Near-infrared Spectral Properties of Type Ib/Ic Supernova Progenitors and Implications for JWST and NGRST Observations

Abstract: While about 20 Type II supernova progenitors have been identified using optical data from the Hubble Space Telescope (HST), direct detection of type Ib/Ic supernova (SN Ib/Ic) progenitors remains challenging due to their faint optical brightness and highly obscured environments. This study aims to investigate the detection limits and advantages of near-infrared (near-IR) observations with the James Webb Space Telescope (JWST) and the Nancy Grace Roman Space Telescope (NGRST) for the detection of SN Ib/Ic progenitors.

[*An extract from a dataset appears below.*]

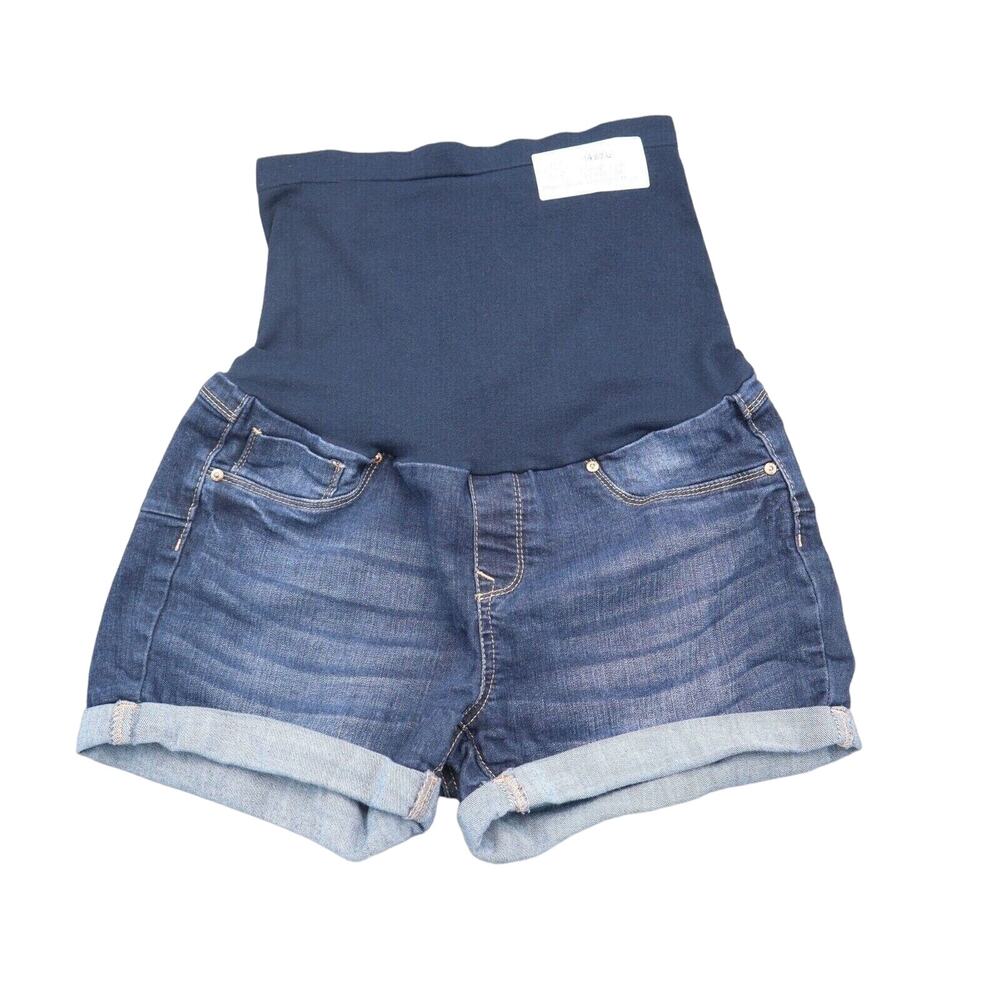 Bella Vida Shorts Womens M Blue Denim Flat Front Casual Maternity Jean Bottoms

The spectral energy distributions of SN Ib/Ic progenitor models with various masses, chemical compositions, and mass-loss rates are calculated with the non-LTE radiative transfer code CMFGEN. We then assess the detectability of SN Ib/Ic progenitors using near-IR filters from the JWST and the NGRST, comparing the results to the capabilities of the HST. Our analysis indicates that near-IR observations significantly outperform the HST in detecting SN Ib/Ic progenitors when considering the effect of extinction. Near-IR magnitudes also provide better constraints on the mass-loss rates of progenitors because of the free-free emission from the wind matter. Additionally, near-IR magnitudes and color-color diagrams are effective in distinguishing SN Ib/Ic progenitors from possible companion and/or background objects. This study suggests that the JWST and the NGRST can play a crucial role in advancing our understanding of SN Ib/Ic progenitors by improving detectability and offering better constraints on progenitor properties. We emphasize that observations with exposure times exceeding 1 hour would be needed to detect typical SNe Ib/Ic progenitors at distances greater than 10 Mpc.